How many 3 digit numbers can be formed if the leading and ending digit cannot be zero

Answer 1

(A) The Leading Digit Cannot Be Zero
9 Choices For First Digit (1, 2, ..., 9)
10 Choices For The Second Digit
10 Choices For The Third Digit
9*10*10 = 900

(B) The Leading Digit Cannot Be Zero And No Repetition Of Digits Is Allowed. ( Im just going to write lower case letters now xD)
9 choices for first digit (1, 2, ..., 9)
9 choices for the second digit, anything different from the first
8 choices for the third digit, anything different from first and second
9*9*8 = 648

(C) The leading digit cannot be zero and the number is a multiple of 5
9 choices for first digit (1, 2, ..., 9)
10 choices for the second digit
2 choices for the third digit (0 or 5)
9*10*2 = 180

(D) the number is at least 400
6 choices for first digit (4, 5, ..., 9)
10 choices for the second digit
10 choices for the third digit
6*10*10 = 600

Answer 2

Since we can't use a zero at the start and end, then we have 810 different ways.
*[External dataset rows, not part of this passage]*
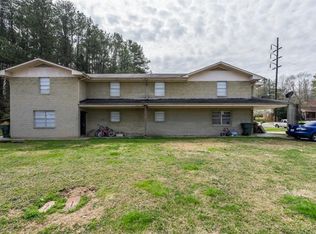 1430 Walston St, Dalton, GA 30720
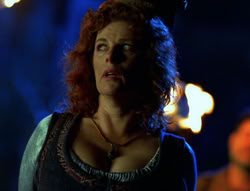 extant_XenaWarriorPrincess_6x02-TheHauntingOfAmphipolis_01847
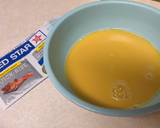 Easy Flatbread recipe step 1 photo
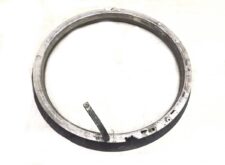 Hűtőventilátor gyűrű Scania 1373520 1440406 1434106 1486148 1440405 1476133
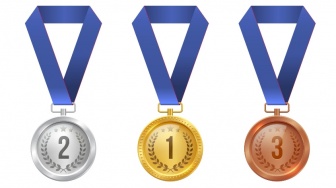 Ketika Prestasi Tidak Menjamin Jalan Pendidikan Menjadi Lebih Mudah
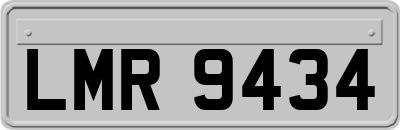 LMR9434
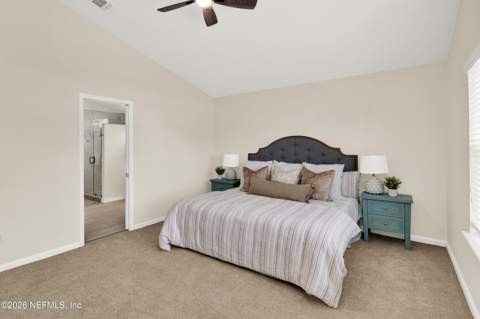 256 Patrick Mill Circle, Ponte Vedra Beach FL - photo 23 of 62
If we can't have a leading digit of zero, then we still have 9 available digits to choose from (9P1)
Now, the second term can be of any number, so we will have 10 different digits to choose 1 (10P1)
Now, the final term cannot be a zero, so we will have 9 available digits to choose from (9P1)

Hence, our final number of ways is: 9 × 10 × 9 = 810 ways.